Records from a data source:
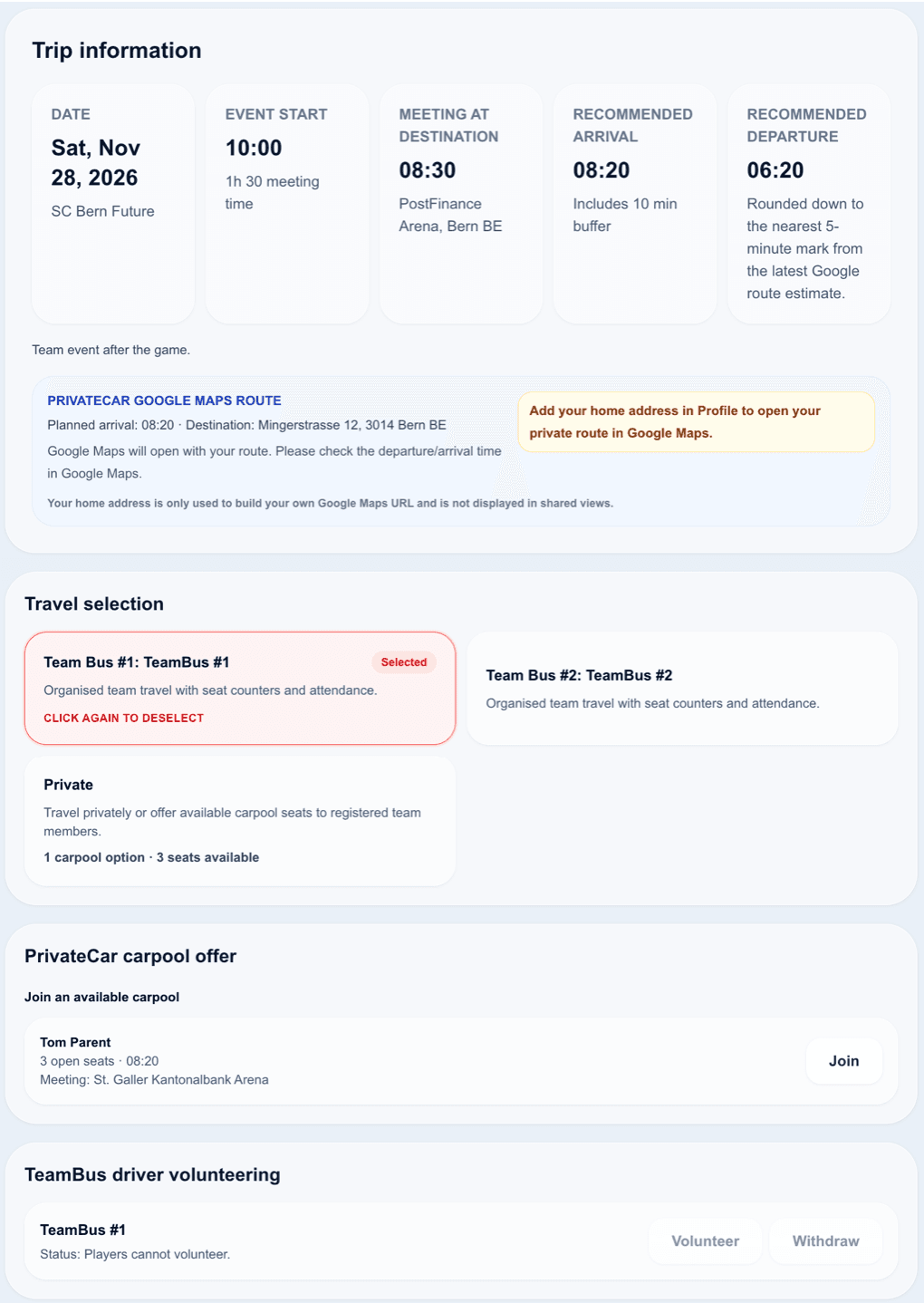 User trip information, travel selection and carpool screenshot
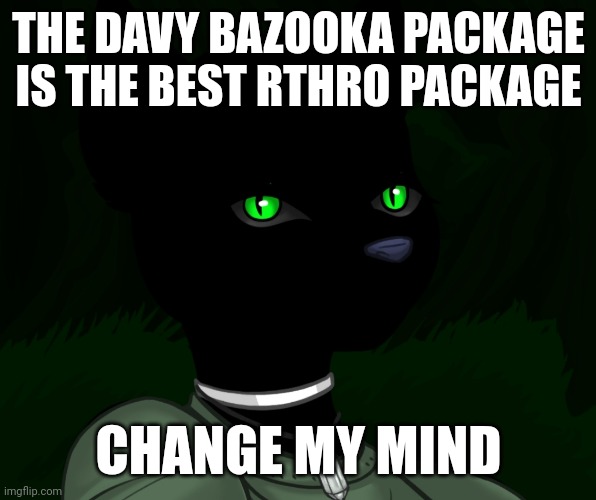 My new panther fursona | THE DAVY BAZOOKA PACKAGE IS THE BEST RTHRO PACKAGE; CHANGE MY MIND | image tagged in my new panther fursona | made w/ Imgflip meme maker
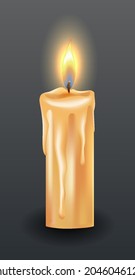 Burning candle with dripping or flowing wax. Yellow candle with golden flame. Lit and melted wax. Illustration of beautiful glowing candle on dark background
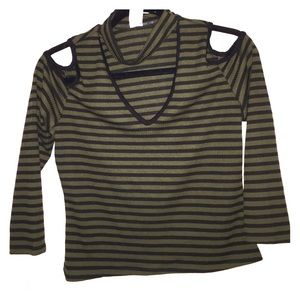 Choker striped top with shoulder cut outs M or L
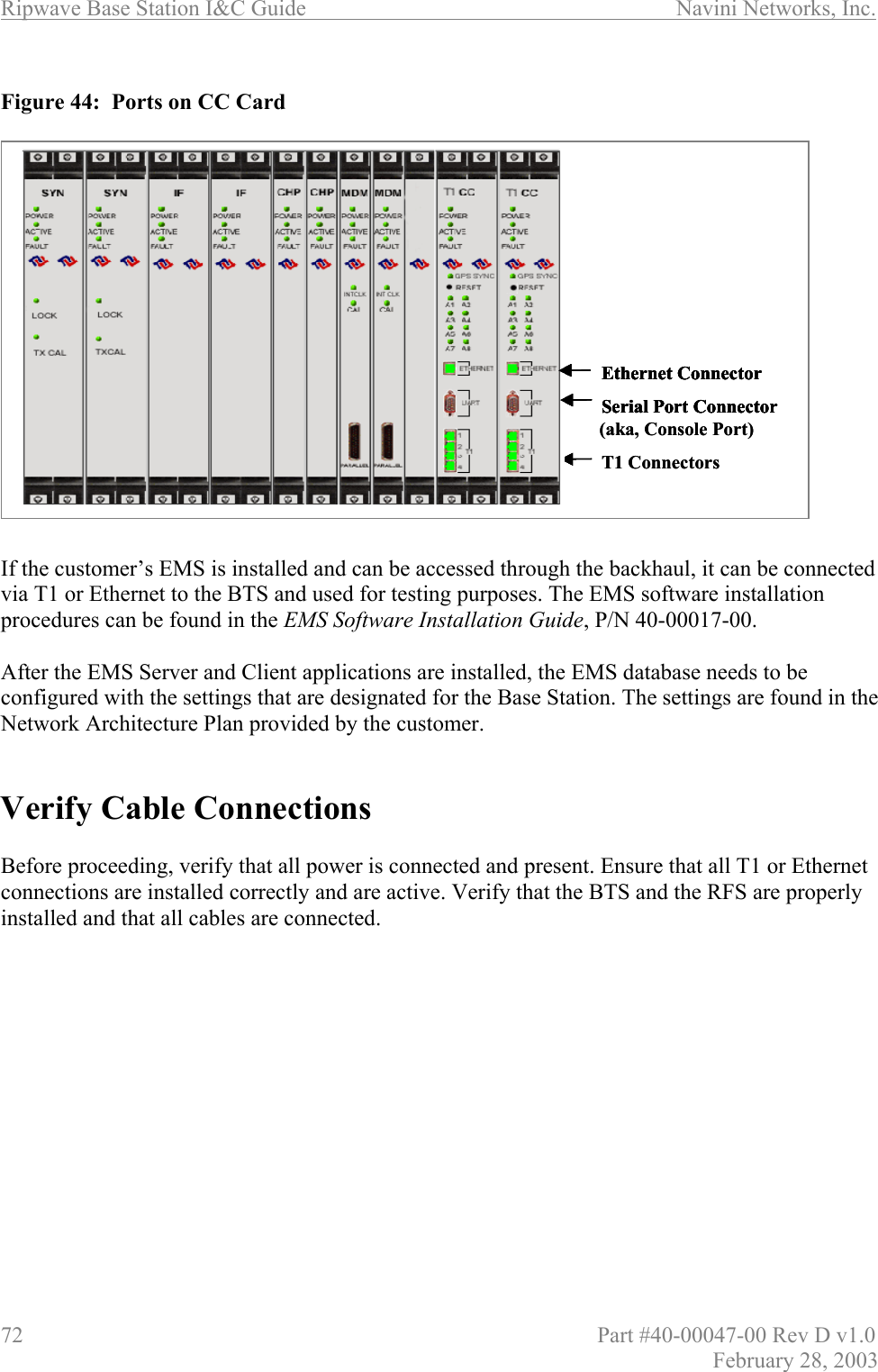 Ripwave Base Station I&amp;C Guide                      Navini Networks, Inc. 72                          Part #40-00047-00 Rev D v1.0 February 28, 2003  Figure 44:  Ports on CC Card                  If the customer’s EMS is installed and can be accessed through the backhaul, it can be connected via T1 or Ethernet to the BTS and used for testing purposes. The EMS software installation procedures can be found in the EMS Software Installation Guide, P/N 40-00017-00.  After the EMS Server and Client applications are installed, the EMS database needs to be configured with the settings that are designated for the Base Station. The settings are found in the Network Architecture Plan provided by the customer.    Verify Cable Connections  Before proceeding, verify that all power is connected and present. Ensure that all T1 or Ethernet connections are installed correctly and are active. Verify that the BTS and the RFS are properly installed and that all cables are connected.  Ethernet ConnectorT1 ConnectorsSerial Port ConnectorEthernet ConnectorSerial Port Connector(aka, Console Port)Ethernet ConnectorT1 ConnectorsSerial Port ConnectorEthernet ConnectorSerial Port Connector(aka, Console Port)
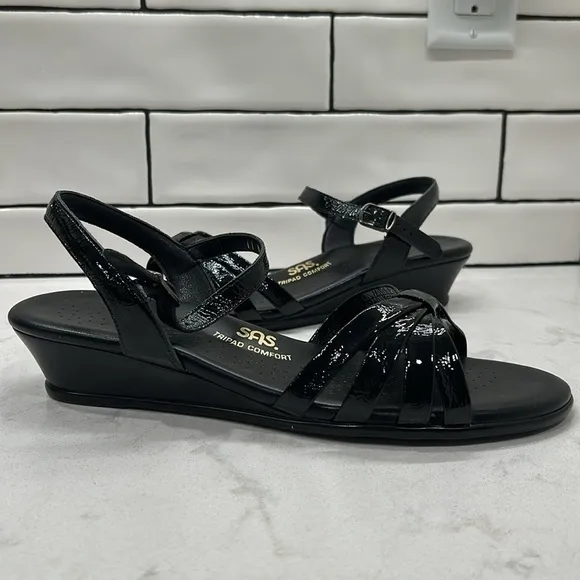 SAS Strippy Quarter Strap Wedge Sandal Women's Stylish Black Patent Size 11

_What you will do_.
Could you repeat, exactly and with nothing added, the lines from the top of the entries above through the line that holds "My new panther fursona | THE", leaving out any pictures?

_Result below_.
 User trip information, travel selection and carpool screenshot
 My new panther fursona | THE DAVY BAZOOKA PACKAGE IS THE BEST RTHRO PACKAGE; CHANGE MY MIND | image tagged in my new panther fursona | made w/ Imgflip meme maker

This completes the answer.